● Prompt
In your reply, print every line of the listing exactly and omit all images.

● Data extract
★ ★ ★ ★ ★

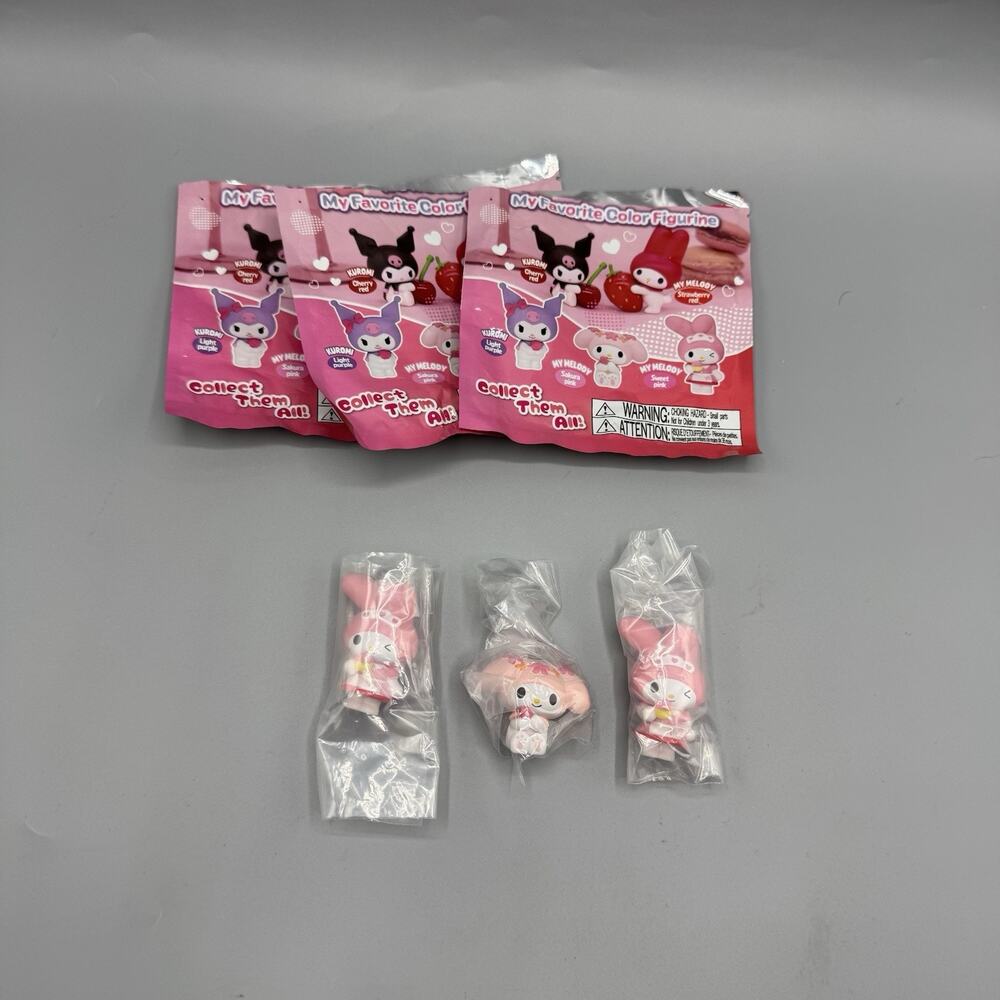 Twinchees My Melody Sweet Pink & Sakura Figures Cake Toppers New Open Sanrio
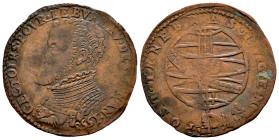 Philip II (1556-1598). Jeton. 1558. (Dugn-2171). (Van Loon-I 21.2). Anv.: ·GECTOIRS·POVR·LE BVREAV·DES·EINAN·1558. Bust of Philip II with cuirass to l...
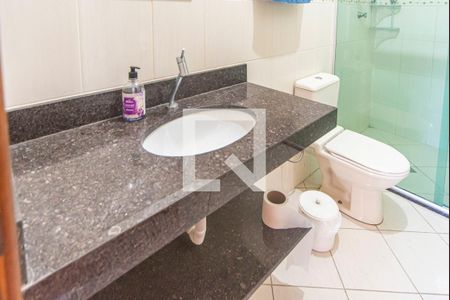 Banheiro Social de casa para alugar com 3 quartos, 126m² em Jardim Irene, Santo André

★ ★ ★ ★ ★

● Result of the exercise
 Twinchees My Melody Sweet Pink & Sakura Figures Cake Toppers New Open Sanrio
 Philip II (1556-1598). Jeton. 1558. (Dugn-2171). (Van Loon-I 21.2). Anv.: ·GECTOIRS·POVR·LE BVREAV·DES·EINAN·1558. Bust of Philip II with cuirass to l...
 Banheiro Social de casa para alugar com 3 quartos, 126m² em Jardim Irene, Santo André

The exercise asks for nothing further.